● Problem to solve
Your answer should hold exactly the lines from the one with "哈弗suv如何开雾灯视频" through the final line of the data below, reproduced as written.

[Records contained in a dataset]
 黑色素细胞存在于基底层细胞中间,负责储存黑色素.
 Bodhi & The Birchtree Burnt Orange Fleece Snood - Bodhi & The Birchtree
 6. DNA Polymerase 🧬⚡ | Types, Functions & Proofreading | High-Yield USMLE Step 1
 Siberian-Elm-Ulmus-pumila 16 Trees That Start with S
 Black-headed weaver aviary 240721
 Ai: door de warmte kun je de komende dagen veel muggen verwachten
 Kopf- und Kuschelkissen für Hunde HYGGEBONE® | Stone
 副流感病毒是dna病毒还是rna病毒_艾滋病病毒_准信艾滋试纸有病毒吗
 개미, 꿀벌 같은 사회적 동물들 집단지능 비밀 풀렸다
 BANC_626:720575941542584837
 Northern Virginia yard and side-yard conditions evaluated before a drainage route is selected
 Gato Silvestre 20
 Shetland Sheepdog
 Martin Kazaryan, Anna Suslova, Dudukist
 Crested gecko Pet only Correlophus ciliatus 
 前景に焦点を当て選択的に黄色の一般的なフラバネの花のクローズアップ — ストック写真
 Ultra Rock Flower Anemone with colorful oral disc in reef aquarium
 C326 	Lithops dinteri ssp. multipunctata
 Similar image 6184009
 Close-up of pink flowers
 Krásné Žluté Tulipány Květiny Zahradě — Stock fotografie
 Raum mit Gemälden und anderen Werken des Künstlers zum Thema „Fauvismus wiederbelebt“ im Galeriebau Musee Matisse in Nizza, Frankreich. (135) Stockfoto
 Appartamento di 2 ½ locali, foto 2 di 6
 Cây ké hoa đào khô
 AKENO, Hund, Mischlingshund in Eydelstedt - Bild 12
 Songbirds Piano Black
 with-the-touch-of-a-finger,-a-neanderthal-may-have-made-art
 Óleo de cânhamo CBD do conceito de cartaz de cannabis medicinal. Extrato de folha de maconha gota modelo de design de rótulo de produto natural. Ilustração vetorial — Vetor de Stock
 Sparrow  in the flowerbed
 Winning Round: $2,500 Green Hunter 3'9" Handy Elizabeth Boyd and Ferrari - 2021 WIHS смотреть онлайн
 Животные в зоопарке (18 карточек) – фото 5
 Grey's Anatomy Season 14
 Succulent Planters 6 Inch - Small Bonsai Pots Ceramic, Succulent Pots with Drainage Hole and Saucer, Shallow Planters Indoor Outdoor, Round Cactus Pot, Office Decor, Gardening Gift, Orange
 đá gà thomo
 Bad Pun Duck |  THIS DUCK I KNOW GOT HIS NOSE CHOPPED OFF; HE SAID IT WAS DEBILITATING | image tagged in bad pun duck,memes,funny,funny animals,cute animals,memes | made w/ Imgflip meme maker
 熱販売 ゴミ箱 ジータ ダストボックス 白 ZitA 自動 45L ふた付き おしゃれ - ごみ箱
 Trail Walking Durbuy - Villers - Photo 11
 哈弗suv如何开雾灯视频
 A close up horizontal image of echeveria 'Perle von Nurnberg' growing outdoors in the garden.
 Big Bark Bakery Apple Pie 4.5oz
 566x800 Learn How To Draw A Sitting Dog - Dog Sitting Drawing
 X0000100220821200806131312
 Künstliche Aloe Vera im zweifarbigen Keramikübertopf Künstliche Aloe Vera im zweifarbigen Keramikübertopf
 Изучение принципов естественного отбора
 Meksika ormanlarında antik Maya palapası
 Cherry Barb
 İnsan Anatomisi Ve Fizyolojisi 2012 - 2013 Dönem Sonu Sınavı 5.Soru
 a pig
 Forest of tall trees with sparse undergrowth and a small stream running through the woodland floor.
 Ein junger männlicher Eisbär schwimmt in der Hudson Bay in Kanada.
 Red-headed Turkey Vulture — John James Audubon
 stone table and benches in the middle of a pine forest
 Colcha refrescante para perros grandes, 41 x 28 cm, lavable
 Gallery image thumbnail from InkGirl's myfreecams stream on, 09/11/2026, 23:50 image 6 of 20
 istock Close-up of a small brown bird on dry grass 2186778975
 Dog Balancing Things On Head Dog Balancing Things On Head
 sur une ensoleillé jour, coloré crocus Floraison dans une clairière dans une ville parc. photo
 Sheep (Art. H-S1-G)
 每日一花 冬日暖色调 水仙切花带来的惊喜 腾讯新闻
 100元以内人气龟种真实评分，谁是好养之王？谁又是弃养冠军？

● Reply
 哈弗suv如何开雾灯视频
 A close up horizontal image of echeveria 'Perle von Nurnberg' growing outdoors in the garden.
 Big Bark Bakery Apple Pie 4.5oz
 566x800 Learn How To Draw A Sitting Dog - Dog Sitting Drawing
 X0000100220821200806131312
 Künstliche Aloe Vera im zweifarbigen Keramikübertopf Künstliche Aloe Vera im zweifarbigen Keramikübertopf
 Изучение принципов естественного отбора
 Meksika ormanlarında antik Maya palapası
 Cherry Barb
 İnsan Anatomisi Ve Fizyolojisi 2012 - 2013 Dönem Sonu Sınavı 5.Soru
 a pig
 Forest of tall trees with sparse undergrowth and a small stream running through the woodland floor.
 Ein junger männlicher Eisbär schwimmt in der Hudson Bay in Kanada.
 Red-headed Turkey Vulture — John James Audubon
 stone table and benches in the middle of a pine forest
 Colcha refrescante para perros grandes, 41 x 28 cm, lavable
 Gallery image thumbnail from InkGirl's myfreecams stream on, 09/11/2026, 23:50 image 6 of 20
 istock Close-up of a small brown bird on dry grass 2186778975
 Dog Balancing Things On Head Dog Balancing Things On Head
 sur une ensoleillé jour, coloré crocus Floraison dans une clairière dans une ville parc. photo
 Sheep (Art. H-S1-G)
 每日一花 冬日暖色调 水仙切花带来的惊喜 腾讯新闻
 100元以内人气龟种真实评分，谁是好养之王？谁又是弃养冠军？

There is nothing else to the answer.